Loi sur le référendum : Félix Tshisekedi cherche-t-il réellement à corriger le texte ou plutôt à gagner du temps avant le 15 août ?

Loi sur le référendum : Félix Tshisekedi cherche-t-il réellement à corriger le texte ou plutôt à gagner du temps avant le 15 août ?

Le président Félix Tshisekedi a décidé de ne pas promulguer, pour le moment, la loi portant organisation du référendum. Le texte, déjà adopté par les 2 chambres du Parlement, avait pourtant déjà atteint une étape importante. Mais après avoir saisi la Cour constitutionnelle, le chef de l’État a choisi de le renvoyer aux députés et sénateurs pour une nouvelle délibération, après les réserves formulées par la haute cour sur certains articles.

Par Charles Muhindo

A première vue, la décision du président de la République peut être analysée comme une volonté de tenir compte des observations de la Cour constitutionnelle. Mais politiquement, le moment choisi pose des questions. Le texte avait déjà été voté à une large majorité par les élus. Il faut donc maintenant voir ce que ces mêmes députés et sénateurs vont encore changer dans un texte qu’ils avaient déjà approuvé. C’est là que les interrogations commencent.

Car cette annonce arrive au moment même où la tension est très grande entre le pouvoir et l’opposition. Depuis plusieurs semaines, les opposants demandent l’ouverture d’un dialogue national et menacent de reprendre leurs manifestations si leurs demandes ne sont pas prises en compte par le régime. Ce samedi 15 août a été fixé comme la dernière ligne rouge. Or, comme on le sait, jusqu’à présent, aucune convocation officielle du dialogue n’a encore été faite.

Dans ce contexte, la décision de Félix Tshisekedi peut être analysée de 2 façons. D’un côté, le président peut vouloir montrer qu’il ne veut pas faire un passage à force et qu’il accepte que le Parlement reprenne le texte après les observations de la Cour constitutionnelle. De l’autre, il peut aussi être en train de gagner du temps.

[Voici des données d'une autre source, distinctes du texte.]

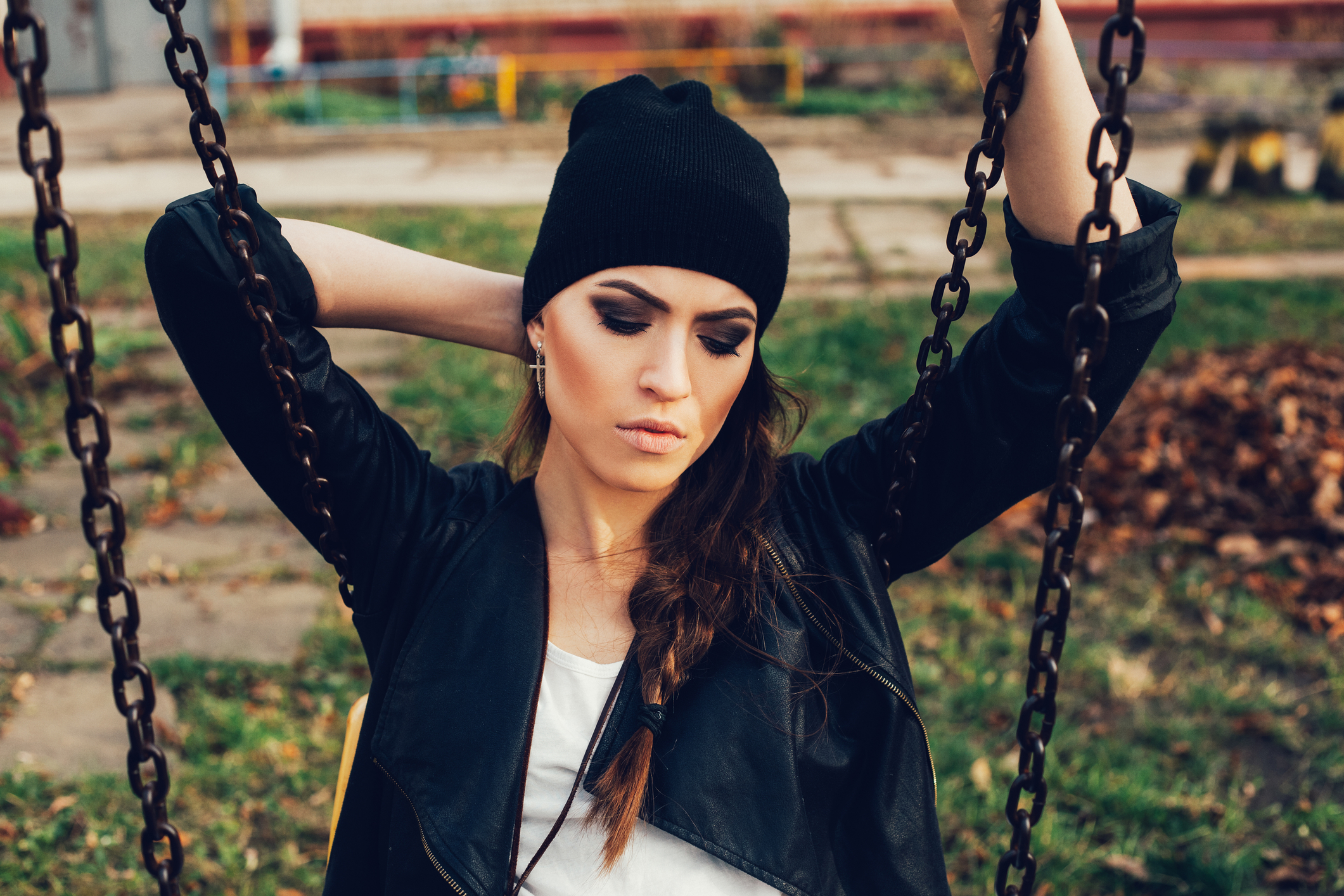 Portrait of a beautiful girl hipster on a swing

Une promulgation de la loi à quelques jours du 15 août aurait certainement donné un nouvel argument à ceux qui accusent le pouvoir de vouloir aller rapidement vers un référendum et, ensuite, vers un changement de la Constitution.

Par ses attitudes ces derniers jours, Félix Tshisekedi a déjà montré qu’il veut à tout prix éviter les manifestations de l’opposition. Avant la marche annoncée le 8 juillet, puis avant celle qui avait été reportée au 22 juillet, des démarches avaient été menées pour éviter que la situation ne dégénère. Le contact pris avec le président burundais Évariste Ndayishimiye s’inscrivait aussi dans ce contexte. Depuis, le pouvoir cherche toujours une voie pour éviter tout accrochage.

Le renvoi de la loi au Parlement peut donc lui donner quelques semaines supplémentaires et, pendant ce temps, les discussions liées au dialogue peuvent continuer sans couac. Si le président convoque ce dialogue dans les prochains jours, les choses pourraient prendre une autre direction. Les opposants qui se préparaient à reprendre la rue pourraient alors être obligés d’y renoncer. Dans ce cas, les marches annoncées pourraient ainsi ne plus avoir leur raison d’être.

Mais tout dépendra de la suite. Si le Parlement reprend simplement le texte sans un vrai changement et que le pouvoir continue rapidement son projet de référendum, l’opposition risque de considérer qu’elle a été roulée par le pouvoir. D’où cette question qui demeure : Félix Tshisekedi a-t-il réellement voulu corriger une loi après les observations de la Cour constitutionnelle, ou a-t-il surtout cherché à gagner du temps pour éviter une nouvelle confrontation avec les opposants avant le 15 août ? Seul l’avenir pourrait y répondre clairement.